In King County, people seeking a protection order – a legal restriction to contact from a harassing or abusing individual – face complex processes, insufficient help and racial disparities in outcomes, according to a new report from the King County Auditor’s Office.
The findings of the audit were presented to the King County Council’s Law, Justice, Health and Human Services Committee on May 3.
The audit, which looked at protection order petitions in King County Superior Court between January 2016 and June 2021, found that while many petitioners received temporary orders, fewer received full protection orders.
Of the 5,512 petitions filed in Superior Court in the 18 months between January 2020 and June 2021, 78 percent resulted in a temporary order and 35 percent of petitioners obtained a full protection order.

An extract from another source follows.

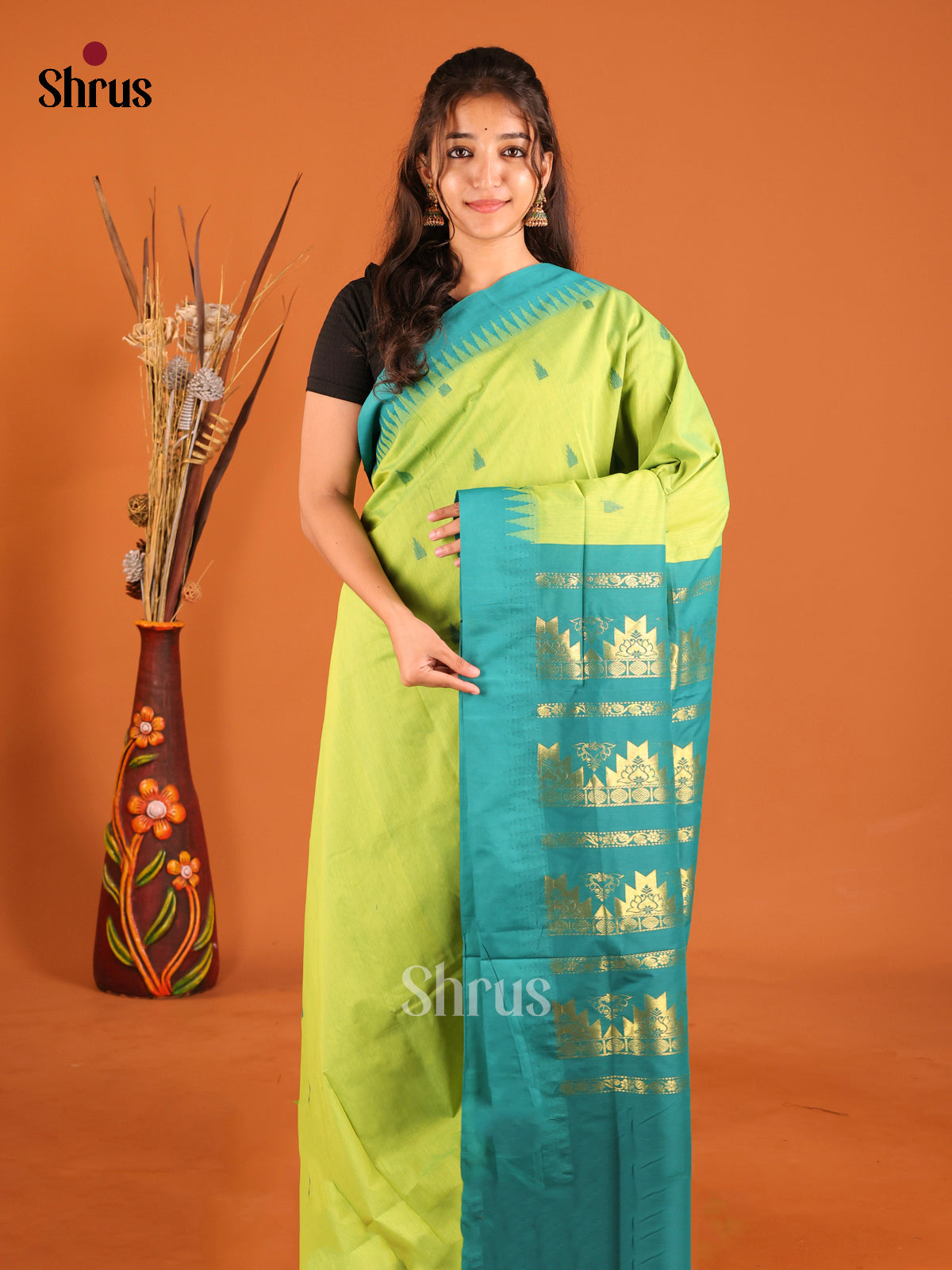 Light Green & Green - Kalyani Cotton Saree - Shop on Shrus.com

The goal is for protection order proceedings to be accessible to self-represented petitioners, but the process set by the state can be complicated and time consuming, according to the audit. The process is a multi-step legal process, with multiple forms and a minimum of two court hearings.
According to findings in the audit, petitioners are more successful in obtaining a full order when they have an attorney or advocate, but most individuals do not have this help. Between 2016 and mid-2021, only 9 percent of petitioners – across all types of orders – had an attorney.
Advocates in the King County Prosecuting Attorney’s Office who assist petitioners experiencing intimate partner domestic violence provided detailed filing assistance to only 11% of domestic violence protection order petitioners, and other assistance to about half of domestic violence petitioners, between January 2020 and mid-2021.
The auditors also identified racial disparities in protection order outcomes. From 2016 to mid-2021, Black and American Indian petitioners were less likely than other petitioners to obtain full protection orders. Only 33 percent of Black petitioners and 34 percent of American Indian petitioners obtained full orders, compared with 37 to 49 percent of petitioners of other races.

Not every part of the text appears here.